In 2013, the Ravens had two major busts in the first and second rounds (Elam and Brown) before landing one of the top defensive interior linemen, Williams, in the third round.

In 2014, Baltimore drafted an immediate impact player in Mosley in the first round and went with Jernigan, who has since been traded, in the second. The third-rounders were Brooks, who was gone following two seasons after never developing into a starter, and tight end Crockett Gillmore, who couldn't overcome injuries.

In 2015, the Ravens tried to address offense with Perriman and tight end Maxx Williams, but both have struggled mightily while dealing with injuries. Davis, a serviceable starter, was taken in the third round.

In 2016, Baltimore used the No. 6 overall pick on Stanley, a quality left tackle, before missing on linebacker Kamalei Correa and defensive end Bronson Kaufusi, both of whom have disappointed when given the chance to play.

Last year, the Ravens selected Humphrey, who was impressive as a rookie, but they didn't get much out of linebacker Tyus Bowser, defensive end Chris Wormley or pass-rusher Tim Williams.
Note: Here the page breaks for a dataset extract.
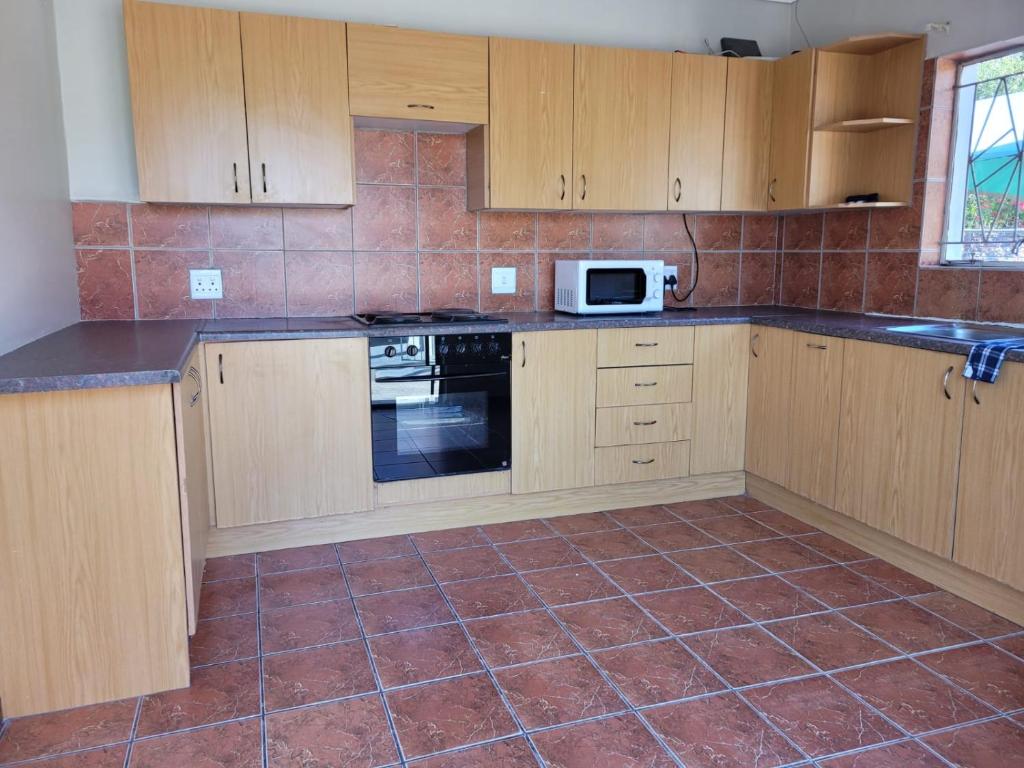 29B Zebra Street - InHimwe Guesthouse - Double Or Twin Room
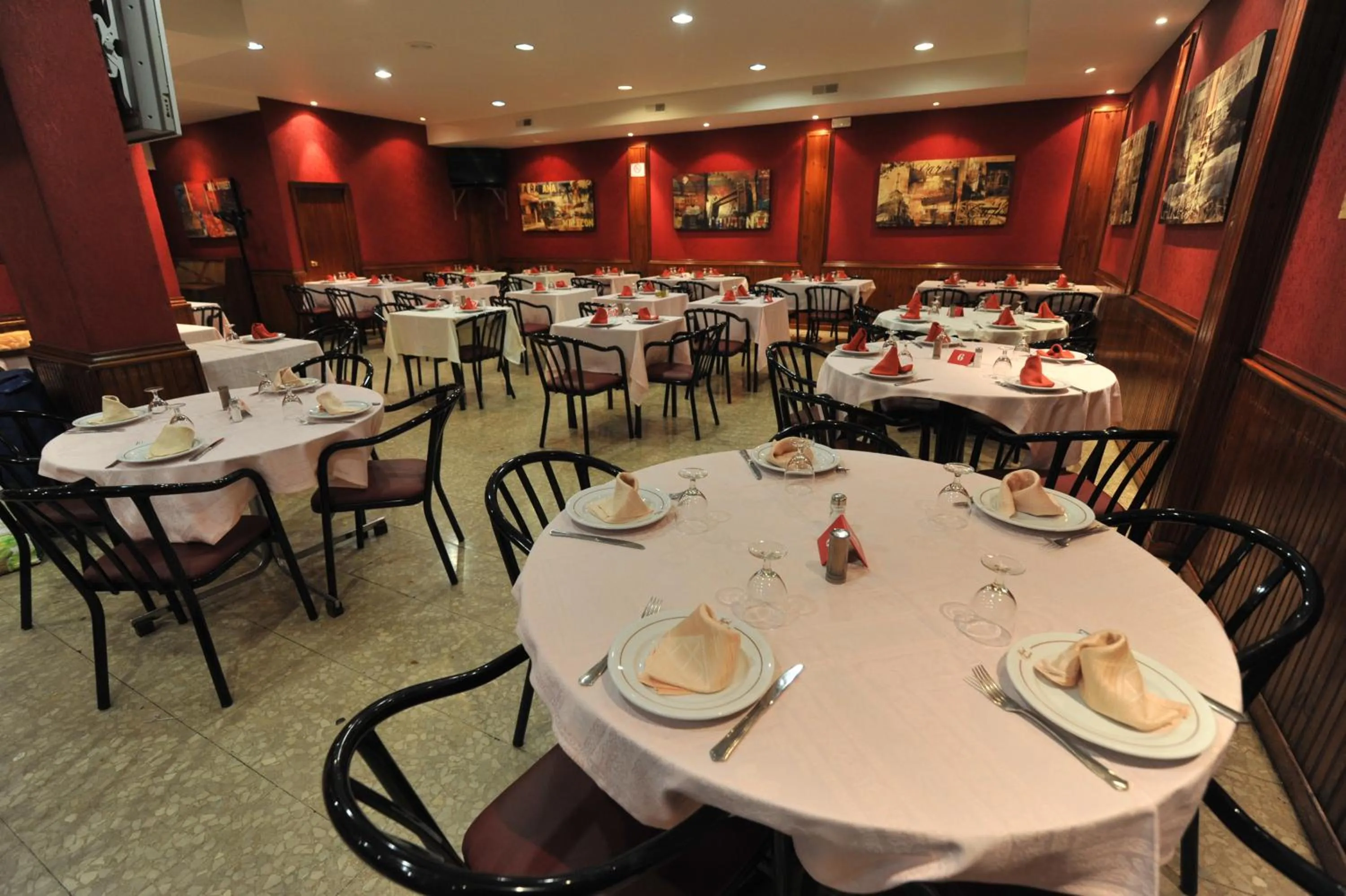 Restaurant/places to eat in Hostal Goyma III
Bisciotti believes the organization has been hurt by the amount of experience the team has lost in the scouting department.

"When we lost those scouts, we didn’t necessarily go out and hire equal scouts to replace them, and I think that was a mistake," Bisciotti said. "I think that, in retrospect, you can say that you can’t lose those three scouts with 30 years of experience between the three of them and then hire 25-year-olds that are ready to give it the old try."

Bisciotti asked assistant general manager Eric DeCosta to add up the years of experience in the current scouting department when removing himself and general manager Ozzie Newsome.

"I think that it shows that we have not done a very good job of filling in senior people with senior people," Bisciotti said. "That’s something we are going to address starting right now and hopefully rebuild that on the fly, because we can’t wait for 25-year-olds to get as good as [former Ravens scout and current Eagles vice president of player personnel] Joe Douglas was at 36."